One Backbytes reader claims to have detected an unfortunate error from last week. ‘Your frequent tirade against those with unfortunate facial hair is bad enough, but kindly reprint Nigel Hardy’s picture, this time with his hair where it should be, on his head, and not upside down as your printers have printed it,’ says Peter Phillips. We won’t let it happen again Peter, although we would like to point out that Nigel made a significant contribution himself.

Cable and wireless

It looks as if our request for stories of computer users with silly health-based computer problems may be a closely-fought battle. ‘Health-based excuses? We hear loads,’ says a tired-sounding Phil Reah, from CCLI. ‘One user decided she wanted a wireless mouse, so claimed that hers was causing RSI as it was too heavy. Why was it too heavy? “Well, it has to pull that cable round after it”, she said.’ There’s a happy ending to this story, as Phil’s user was saved from RSI after his team purchased a wireless mouse, which, containing batteries, is heavier than the old one, even counting the cable. From the physically challenged to the mentally: ‘While visiting a customer a couple of years ago, the IT staff told me that some users had asked for the Microsoft “paperclip guy” to be removed from their PCs,’ says Paul Emmett, at Agresso. ‘Not on the basis that it’s an irritation, but because they found its “winking and wiggling eyebrows” rude and suggestive.’ Any more hypochondriac, phobic, or just plain weird users?

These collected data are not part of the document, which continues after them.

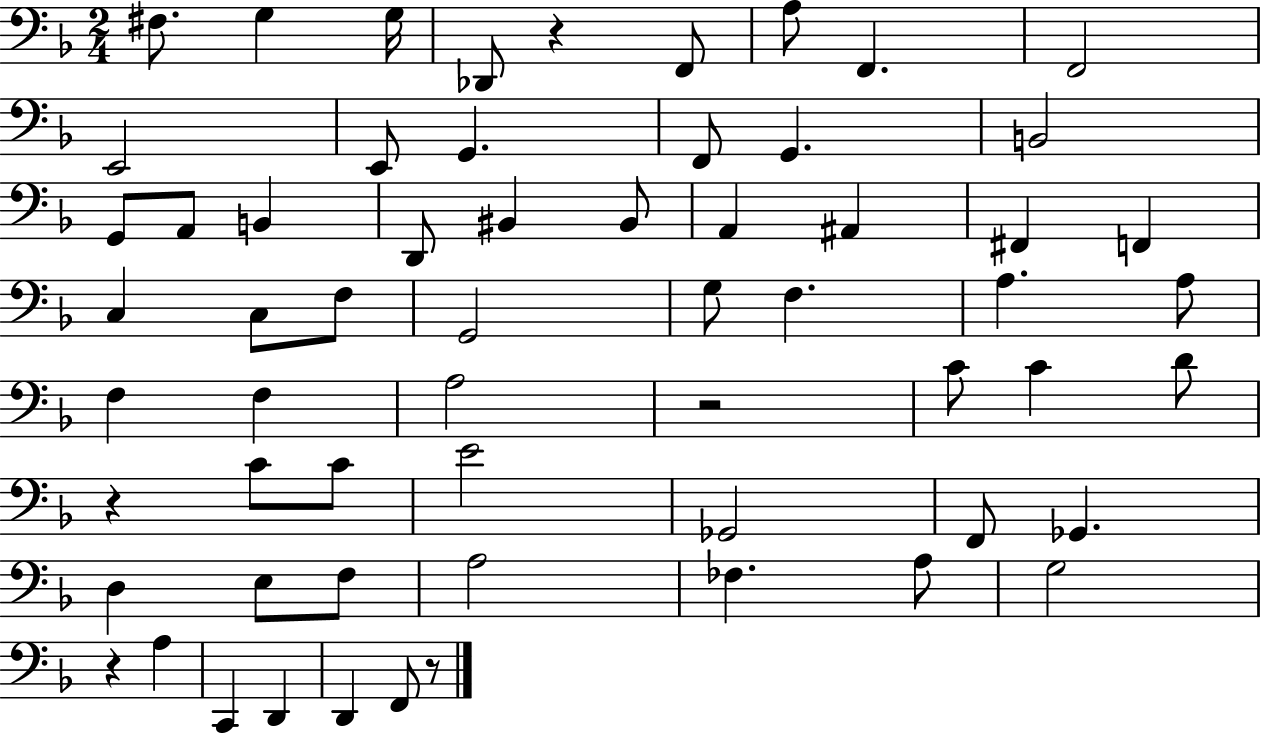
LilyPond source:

{
  \clef bass
  \numericTimeSignature
  \time 2/4
  \key f \major
  fis8. g4 g16 | des,8 r4 f,8 | a8 f,4. | f,2 | \break e,2 | e,8 g,4. | f,8 g,4. | b,2 | \break g,8 a,8 b,4 | d,8 bis,4 bis,8 | a,4 ais,4 | fis,4 f,4 | \break c4 c8 f8 | g,2 | g8 f4. | a4. a8 | \break f4 f4 | a2 | r2 | c'8 c'4 d'8 | \break r4 c'8 c'8 | e'2 | ges,2 | f,8 ges,4. | \break d4 e8 f8 | a2 | fes4. a8 | g2 | \break r4 a4 | c,4 d,4 | d,4 f,8 r8 | \bar "|."
} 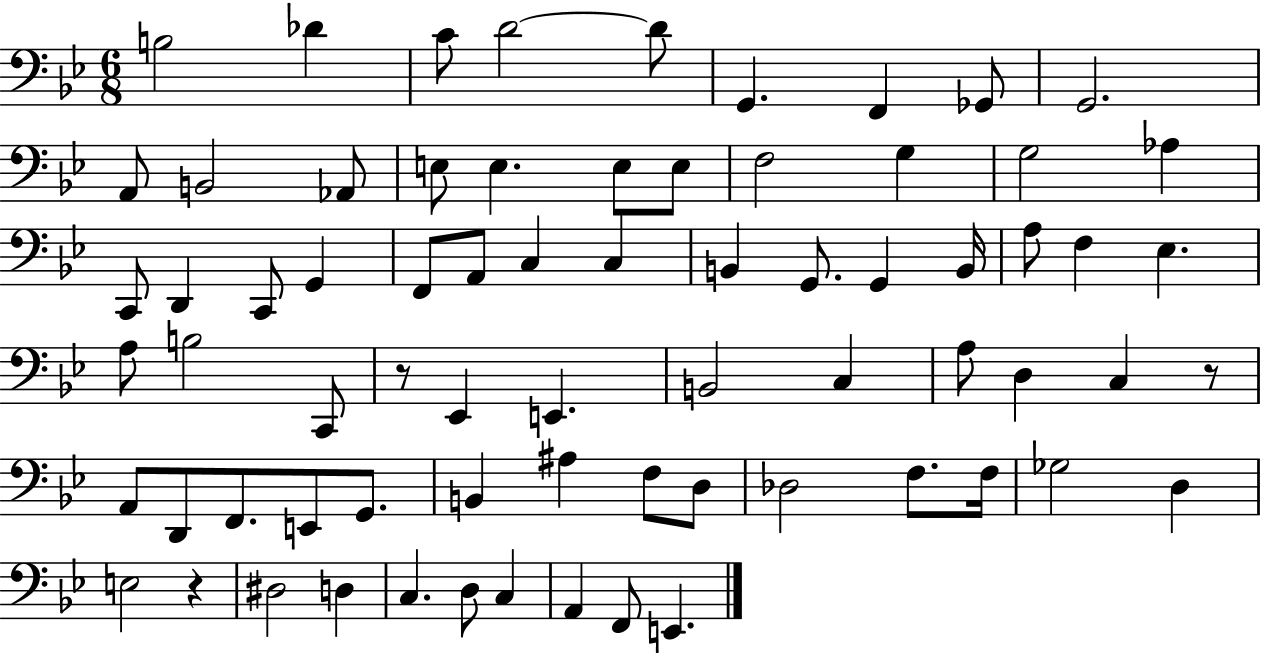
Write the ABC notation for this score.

X:1
T:Untitled
M:6/8
L:1/4
K:Bb
B,2 _D C/2 D2 D/2 G,, F,, _G,,/2 G,,2 A,,/2 B,,2 _A,,/2 E,/2 E, E,/2 E,/2 F,2 G, G,2 _A, C,,/2 D,, C,,/2 G,, F,,/2 A,,/2 C, C, B,, G,,/2 G,, B,,/4 A,/2 F, _E, A,/2 B,2 C,,/2 z/2 _E,, E,, B,,2 C, A,/2 D, C, z/2 A,,/2 D,,/2 F,,/2 E,,/2 G,,/2 B,, ^A, F,/2 D,/2 _D,2 F,/2 F,/4 _G,2 D, E,2 z ^D,2 D, C, D,/2 C, A,, F,,/2 E,, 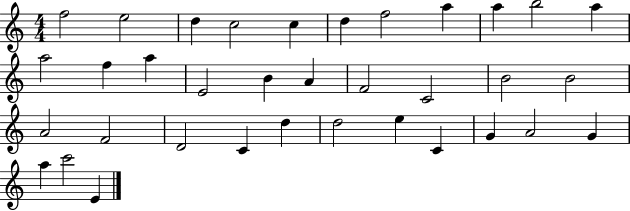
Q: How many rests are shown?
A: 0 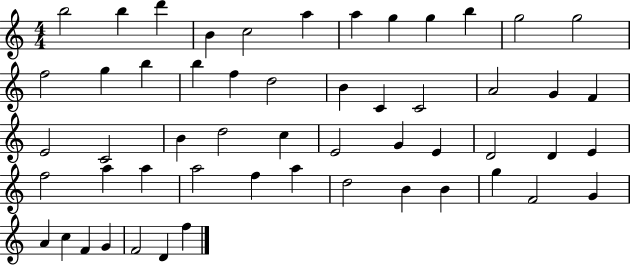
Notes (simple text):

B5/h B5/q D6/q B4/q C5/h A5/q A5/q G5/q G5/q B5/q G5/h G5/h F5/h G5/q B5/q B5/q F5/q D5/h B4/q C4/q C4/h A4/h G4/q F4/q E4/h C4/h B4/q D5/h C5/q E4/h G4/q E4/q D4/h D4/q E4/q F5/h A5/q A5/q A5/h F5/q A5/q D5/h B4/q B4/q G5/q F4/h G4/q A4/q C5/q F4/q G4/q F4/h D4/q F5/q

Going, going, gone underground

In a display of what consultants call ‘synergy’, several readers all write to us this week to add their dead passenger stories to our thread on ‘things left on trains’. Trouble is, they are all adding the same story about how a friend was on a train, with a woman sitting opposite her, staring into her eyes. We won’t tell you the rest, just look it up on the bible of urban myth: www.snopes.com/horrors/gruesome/subway.htm. While you’re all lying to us, Snopes does reference a true dead-person-on-a-train story: ‘In 1999, 37-year-old Ignacio Mendez expired on a New York subway during the morning rush yet was not discovered until hours later. “He was found sitting up, his head slightly tilted down, eyes closed looking like a typical rider taking a catnap before his stop” reported the New York Daily News,’ the site tells us. Look carefully at the guy opposite. Shouldn’t he have moved since lunchtime?

Sensos working overtime

Sadly, we are unable to bring you a silly Japanese invention this week. Instead, Swiss company Rinspeed Design has created a car called the Senso. ‘The Senso has, not without reason, been labelled the most
sensuous car in the world. The Senso actually “senses” the driver by measuring his (or her) biometric data, and then exerts a positive effect on him with the help of patterns, colors, music and fragrances. A person who is relaxed and wide-awake simply drives better and more safely,’ says the car data sheet at www.rinspeed.com. It also tells us about the particularly active on-board computer: ‘A “Mobile Eye” camera records his driving behaviour, in other words how well and how often he changes lane, and how close and at what speed he approaches the cars in front. Then an HP on-board computer evaluates the data and establishes, with the aid of special algorithms, the driver’s current state of mind.’ If that state of mind is that you have fallen asleep, the computer will shake you awake by vibrating your seat.